If you’re bit, though, then it runs wild through you.
“We’re going to go far from here, so far from here,” Libby was saying right into my ear, the rest of me pressed up against her, both of us trembling.
Her breath smelled like meat, like change.
Darren wasn’t there the night it happened, when I was born. But she was.
The real story, the one she saw, the one Grandpa was trying to say out loud finally, it’s that a father carries his oldest daughter out past the house, he carries her out and she’s probably already changing for the first time, into an abomination, but he holds his own wolf back, isn’t going to fight her like that.
This is a job for a man.
He raises the ball-peen hammer once—the rounded head is supposed to be kind—but he isn’t decisive enough, can’t commit to this act with his whole heart, but he has her by the scruff, and she’s on all fours now, is snapping at him, her just-born son screaming on the porch, her twin sister biting those baby-sharp dewclaws off for him once and forever, and for the rest of that night, for the rest of his life, this husband and father and monster is swinging that little ball-peen hammer, trying to connect, his face wet with the effort, the two of them silhouettes against the pale grass, going around and around the house.
We’re werewolves.
This is what we do, this is how we live.
If you want to call it that.
I vant … to bite … your neck,” the vampire says, tippy-toeing to see himself in the mirror again.
“No, no no no,” the vampire’s uncle says for the third time. “It’s ‘suck your blood.’ That’s what vampires do. They suck your blood.”
“Then what do werewolves do?”
“They buy their sister a reasonable costume, for one,” the vampire’s aunt says, trying to get elbow room in the tight bathroom to adjust her habit.
She’s a nun tonight, all in white.
The vampire’s uncle is in a rubber werewolf mask, CANDYWOLF traced onto his bare hairless chest in blue marker.
This is Florida, where it’s so wet that soft green fuzz grows on the guardrail posts. They only stopped driving away from Arkansas because of the ocean, not the El Camino. The El Camino would have kept going, probably. The vampire is eight, now. His uncle says that’s the perfect age for Halloween, except for all the other ages too.
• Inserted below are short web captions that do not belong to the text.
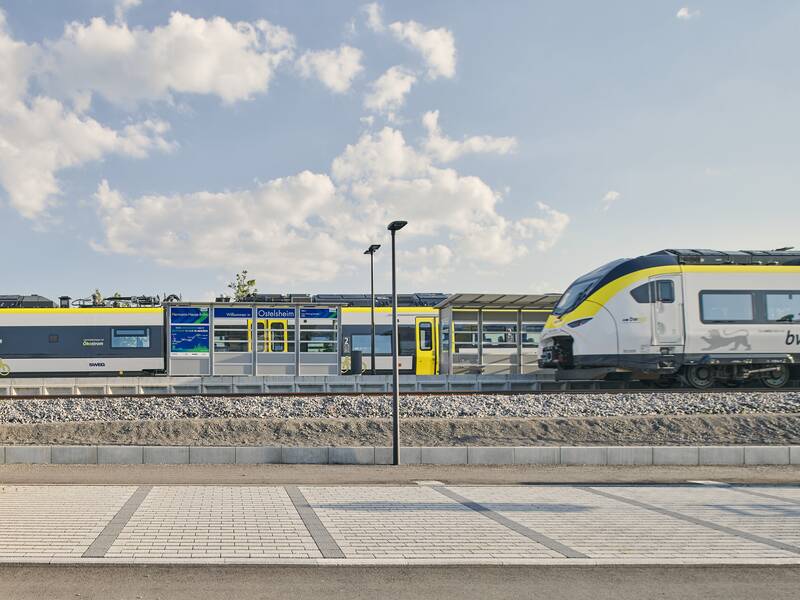 Ein moderner, gelb-grauer Triebzug steht an einem Bahnsteig mit dem Schild "Ostelsheim" unter einem blauen Himmel mit wenigen Wolken.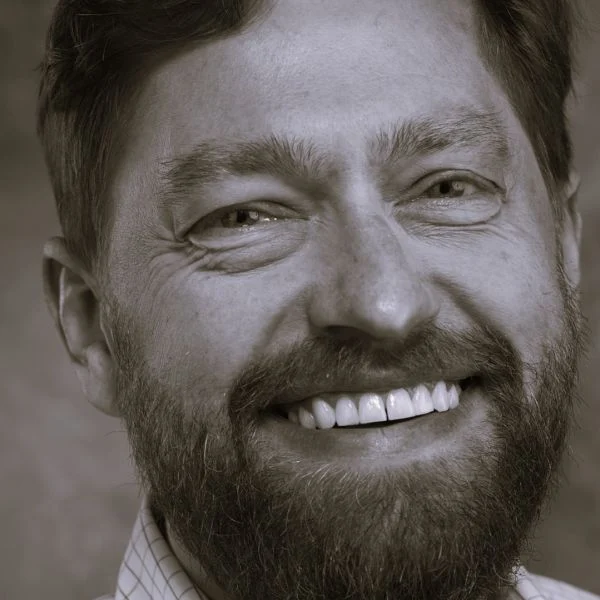 A smiling light-skinned male with a beard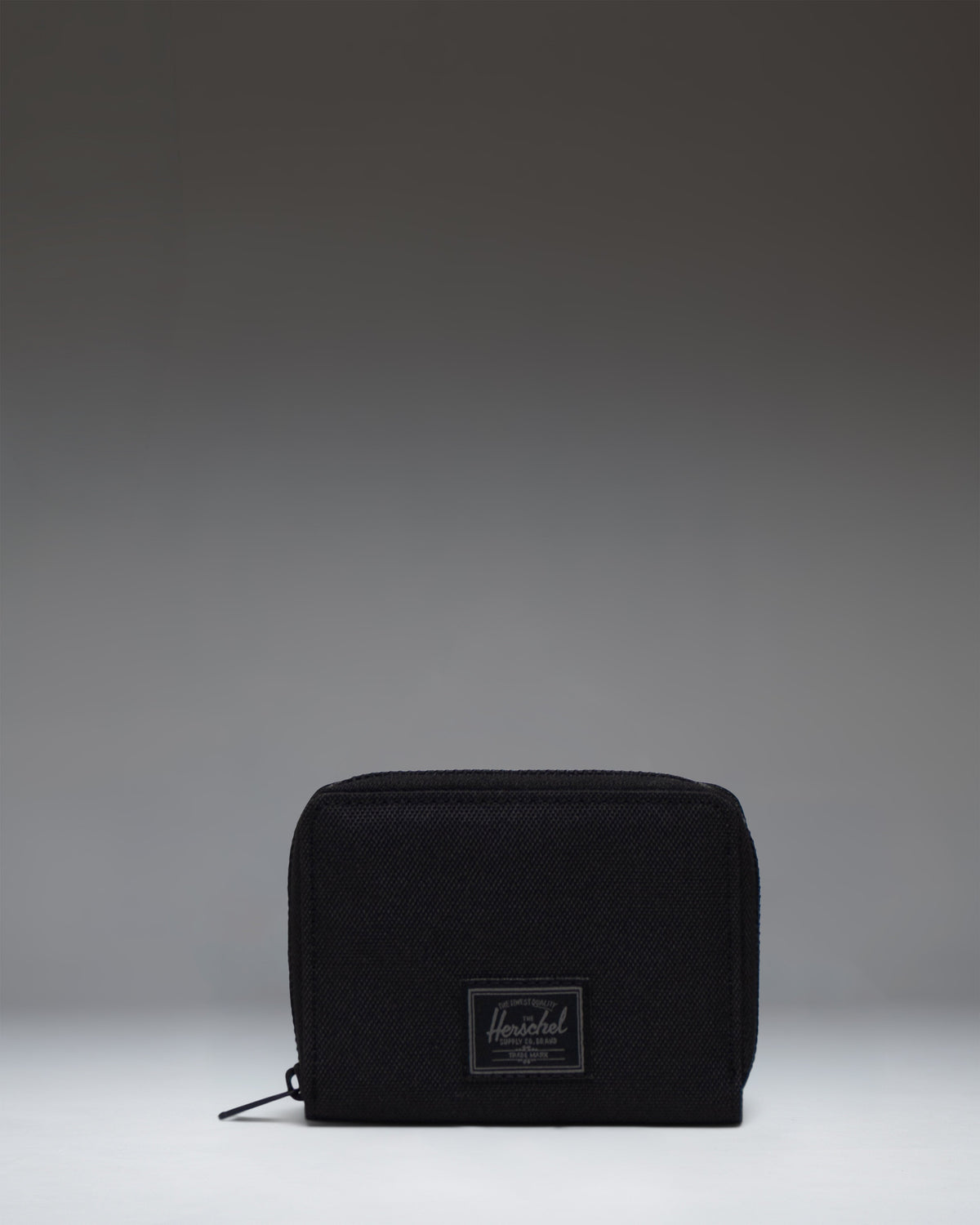 Herschel Supply Co Tyler Wallet in Black Tonal, showing the front view of the compact, zippered wallet with a clean, classic design.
Halloween is the one night of the year werewolves go to church.
To get there, they have to drive through the edge of town. There’s mummies and zombies and cowboys and pirates up and down the sidewalks.
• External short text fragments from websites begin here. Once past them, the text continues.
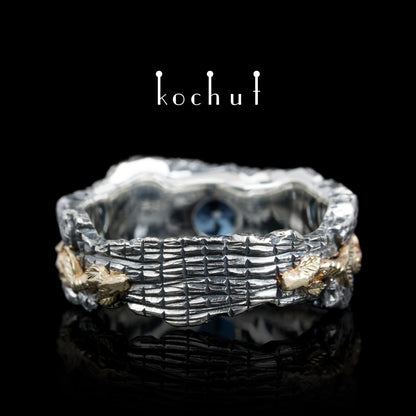 Kraft des Lebens — Ring aus oxidiertem Silber und Gelbgold mit Topas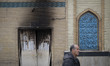 An Iranian man walks past the Aqsa Mosque, which burns during anti-government protests in...
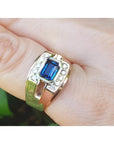 Men's 18K yellow gold ring with east-west bezel-set blue sapphire and diamond accents.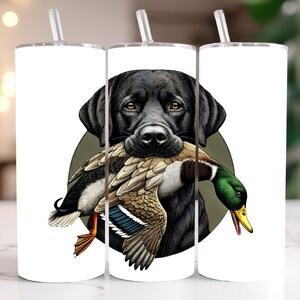 Pu&ograve; includere: Bicchiere bianco con una grafica di un Labrador Retriever nero che tiene un'anatra. L'anatra ha piume marroni, bianche e verdi. Il bicchiere ha un coperchio argentato e una cannuccia trasparente. Le parole "DIGITAL DOWNLOAD" sono stampate sul lato.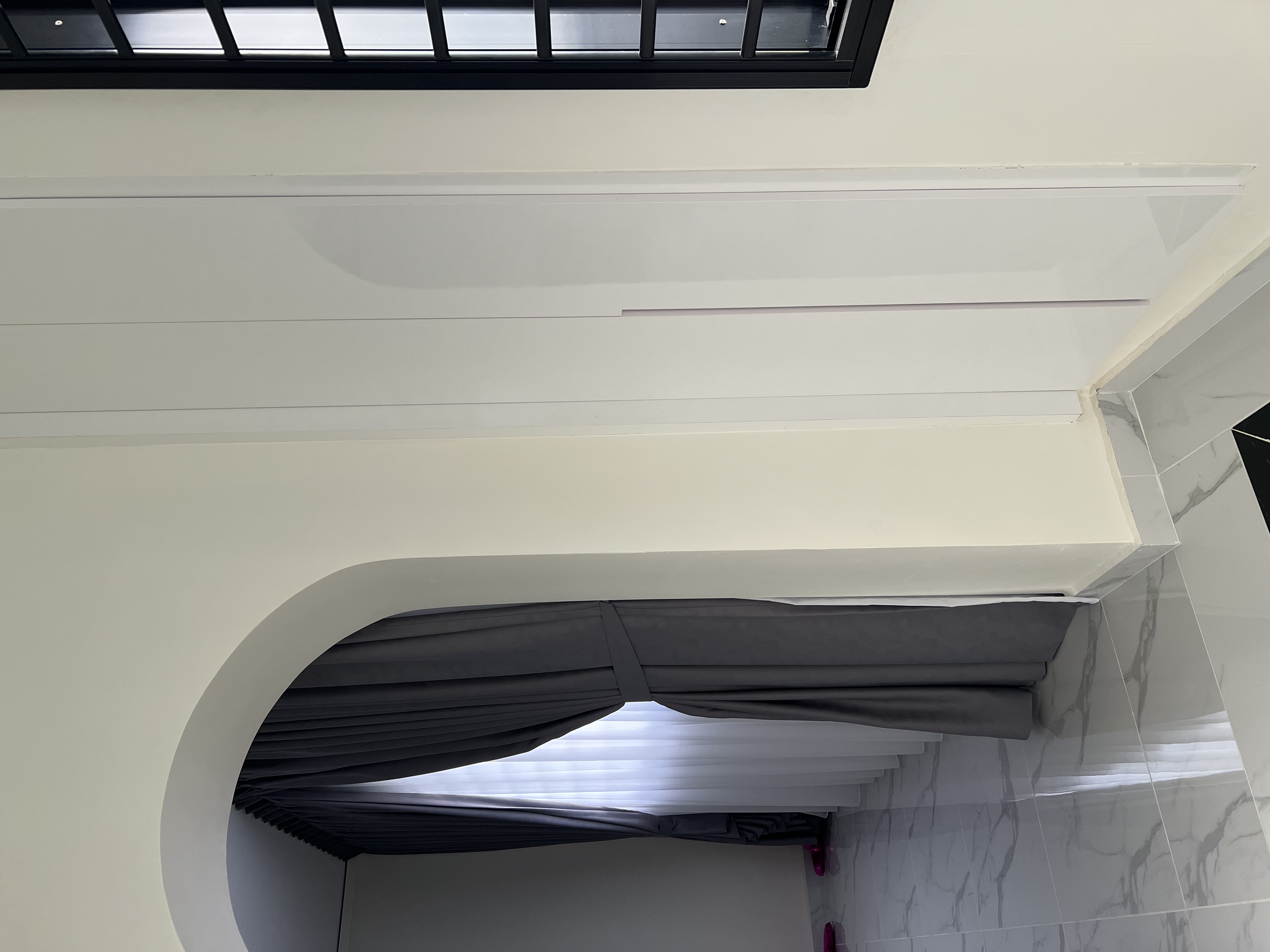 Entryway Evolution: From Hiccups to Highlights - Modern minimalist interior, white ceiling, sleek design, geometric shapes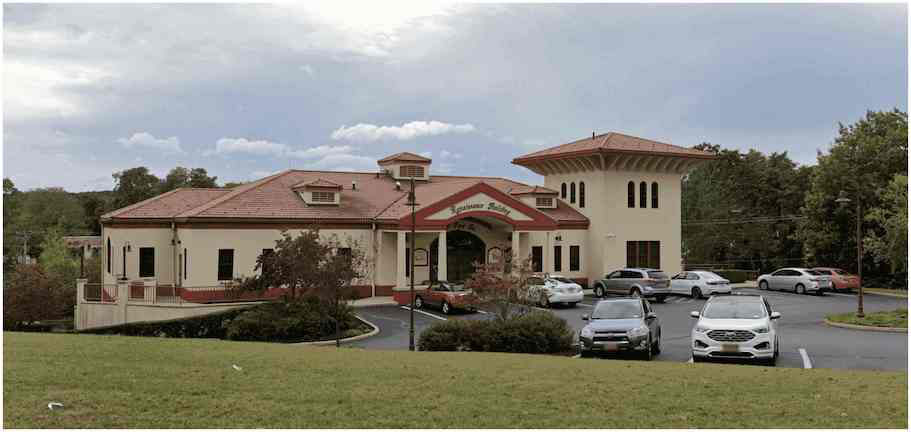 The image shows a two-story building with a prominent front entrance, featuring a covered porch and a red roof. There are cars parked in front of the building, which appears to be a residential structure.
“They going to church too?” the vampire asks from the backseat.
“Different church,” the vampire’s uncle says.
The vampire’s uncle is in the passenger seat in his mask, and about every third time a princess or a soldier looks over at this big long four-door’d Caprice creeping past, he lunges half out the window, growling and clawing.
“You’re going to get us pulled over,” the vampire’s aunt says.
“Not this night, sister of the ragged bite,” the vampire’s uncle says back.
In the backseat the vampire wants to smile but he can feel the white makeup on his face like a shell of dried mud, and knows it’ll crack.
And vampires bite necks, anyway. They don’t go around smiling.
He falls asleep once town is gone, wakes in his uncle’s hairy arms, doesn’t realize they’re long gloves until he remembers what night this is. They’re not even walking on a trail through the trees, are just following where his aunt says, from the one time she was here years ago. Her white costume almost glows.
“Who showed you this place?” the vampire’s uncle says.
The vampire’s aunt doesn’t answer this, just keeps walking.
Werewolves aren’t afraid of the dark. Even ones dressed like ghost nuns.
Humans can be, though.
It’s what the vampire still is, under his makeup. It’s what his aunt says he’ll be until he’s twelve or thirteen—and maybe forever, if he never shifts. You never know.
The vampire chews on his plastic fangs and tries to look ahead. They’re going uphill now. His face is cracking into pieces, he can tell.
He doesn’t want to be a vampire anymore. This isn’t like the comic book. He can hardly even remember the comic book anymore.
Ten or twenty or thirty minutes later the aunt stops, lifts her nose to the air. Right above him, the vampire’s uncle does as well.
“Tell me that isn’t who I think it is,” the uncle says.
“You’re just smelling things,” the aunt says back.